Sotto questo profilo, l’ipotizzata considerazione degli indagati e degli imputati nel novero dei detenuti per i quali potrà essere disposta la misura domiciliare dovrebbe favorire l’abbandono dell’irragionevole obbligatorietà del ricorso al c.d. braccialetto elettronico. Difatti, sia pure all’interno di una previsione nella quale la verifica dell’entità e della natura delle esigenze cautelari andrà effettuata tenendo conto delle emergenze sanitarie, non potrà non mantenere valenza quanto previsto dall’art. 275 bis c.p.p. per l’adozione di forme di controllo mediante mezzi elettronici, nella parte in cui impone l’individuazione di necessità cautelari da soddisfare nel caso concreto per giustificare il regime più severo nell’esecuzione degli arresti domiciliari. Analoga soluzione, mutatis mutandis, potrà essere proposta nei confronti dei detenuti definitivi, per i quali – a norma del comma 2 dell’art. 123 d.l. 18/2020 – la decisione sulla concessione della detenzione domiciliare postula la verifica dell’inesistenza di «gravi motivi ostativi», da individuarsi ragionevolmente nel concreto pericolo di fuga o di commissione di fatti di reato, che dovranno essere considerati anche alla luce delle diverse modalità di esecuzione della misura.

 

[1] E. Dolcini- G.L. Gatta, Carcere, Coronavirus, Decreto ‘Cura Italia’: a mali estremi, timidi rimedi, in Sistema penale, 20.3.2020, p. 2.

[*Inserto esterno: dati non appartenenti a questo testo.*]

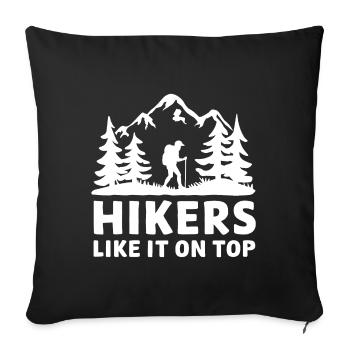 Randonneurs Amis de la nature Bergen Forest Outdoor - Housse de coussin décorative 45 x 45 cm - noir - Devant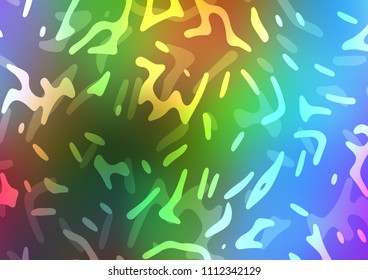 Light Multicolor, Rainbow vector pattern with lava shapes. A completely new color illustration in marble style. New composition for your brand book.
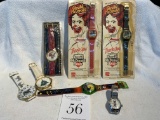Group Of Seven 1980s Watches Ronald Mcdonald, Mickey Mouse The Nightmare Before Christmas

[3] In proposito, merita altresì di essere segnalato come l’Organizzazione mondiale della sanità abbia predisposto una sorta di guida per affrontare le problematiche relative al rischio di diffusione del virus Covid-19 nei luoghi di detenzione e nel § 3 abbia segnalato come si debba prendere “maggiormente in considerazione il ricorso a misure non detentive in tutte le fasi dell’amministrazione della giustizia penale, anche nelle fasi cautelari”, privilegiando soggetti con profili di non elevata pericolosità e necessità di assistenza medica.

[4] E. Dolcini-G.L. Gatta, op. cit., p. 9; il suggerimento è stato poi letteralmente ripreso nel già richiamato documento dell’AIPDP, p. 4.